Exercise goal: The whole listing should be retyped word for word, apart from the pictures it holds.

-*-*-

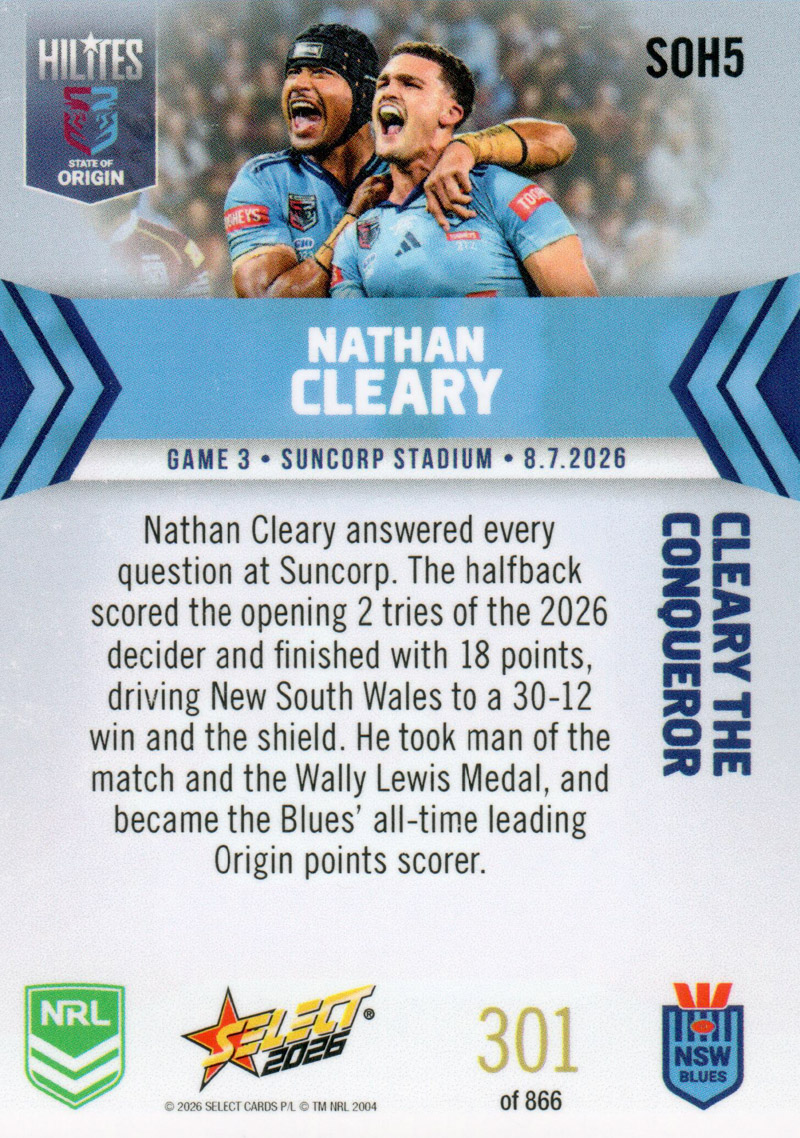 Nathan Cleary back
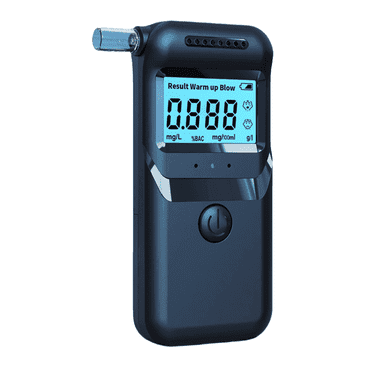 Testeur d'Alcool Portable de Qualité Professionnelle avec Écran LCD, Analyseur d'Alcool Personnel Haute Précision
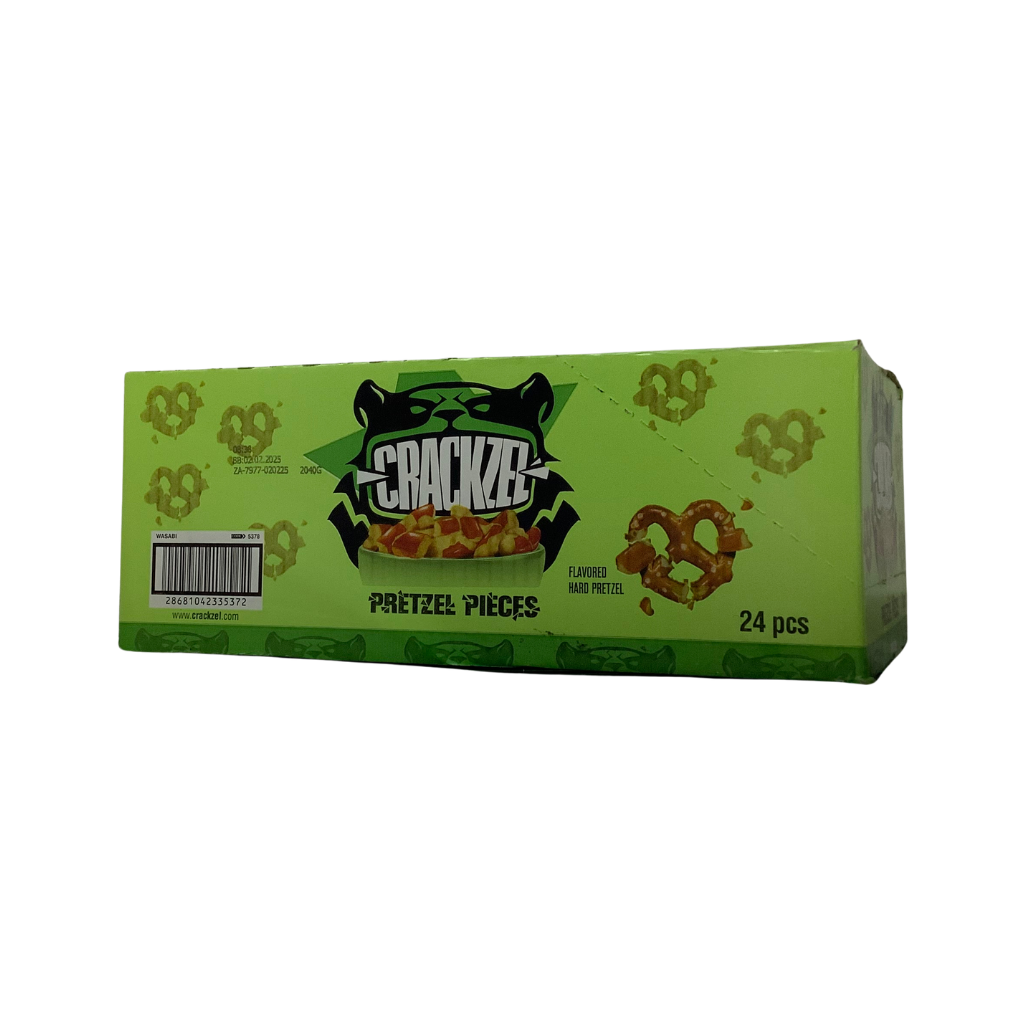 Crackzel Pretzel Pieces Wasabi 24 x 85g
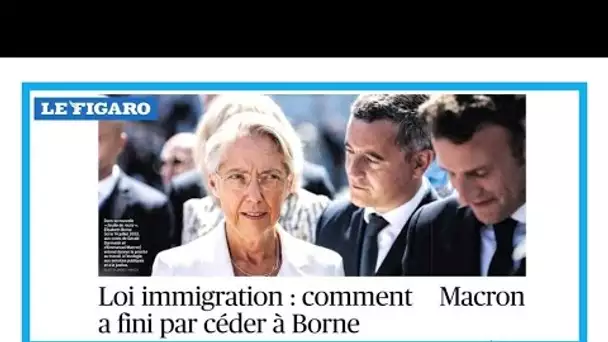 "Loi immigration : comment Macron a fini par céder à Borne" • FRANCE 24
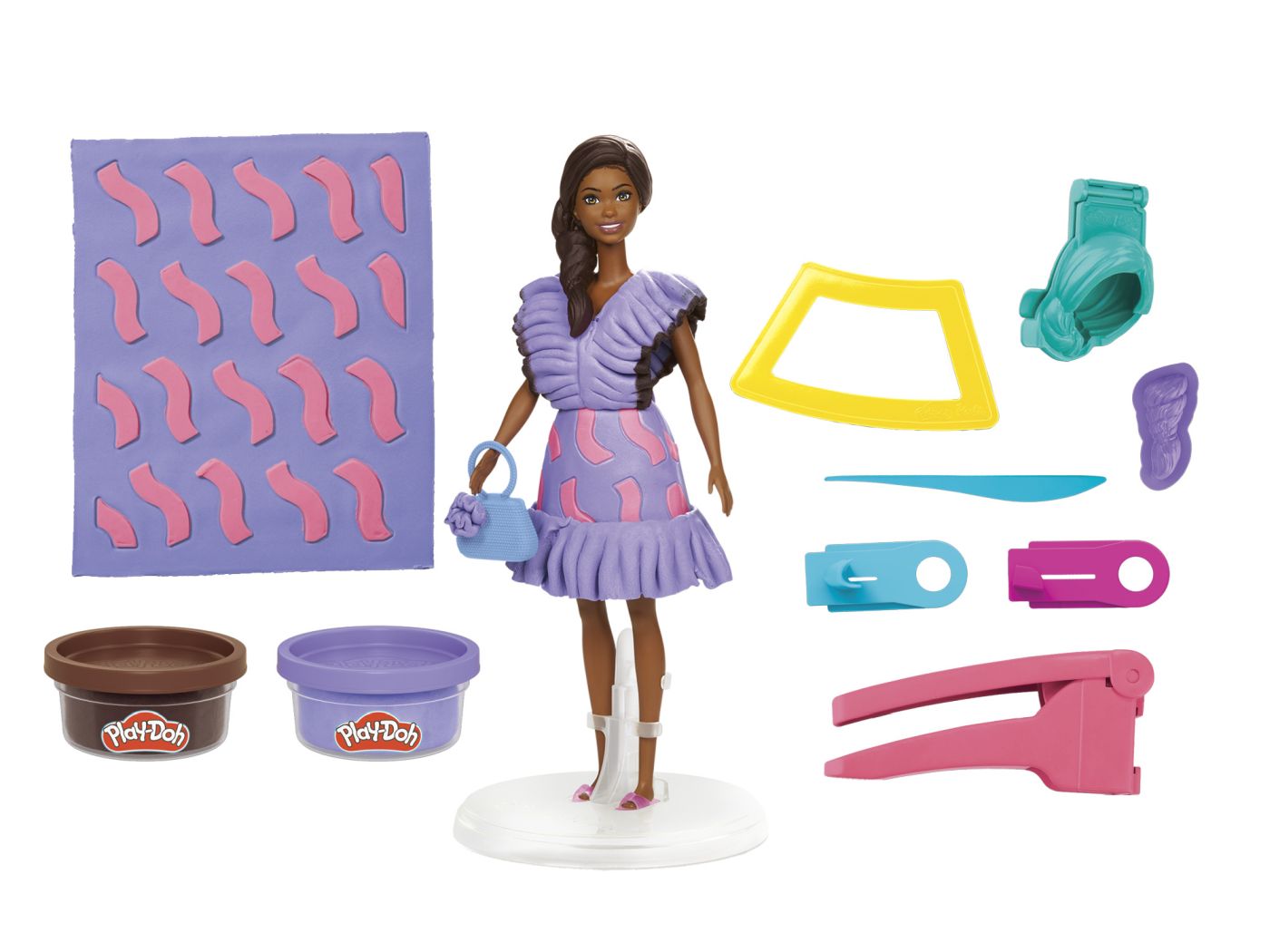 PLAY DOH BARBIE SET PLASTELINA BARBIE FASHIONISTA - Imagine 2 [ps:8c609e44-3726-4032-ae31-7c03a380bada]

-*-*-

Solution to the exercise:
 Nathan Cleary back
 Testeur d'Alcool Portable de Qualité Professionnelle avec Écran LCD, Analyseur d'Alcool Personnel Haute Précision
 Crackzel Pretzel Pieces Wasabi 24 x 85g
 "Loi immigration : comment Macron a fini par céder à Borne" • FRANCE 24
 PLAY DOH BARBIE SET PLASTELINA BARBIE FASHIONISTA - Imagine 2 [ps:8c609e44-3726-4032-ae31-7c03a380bada]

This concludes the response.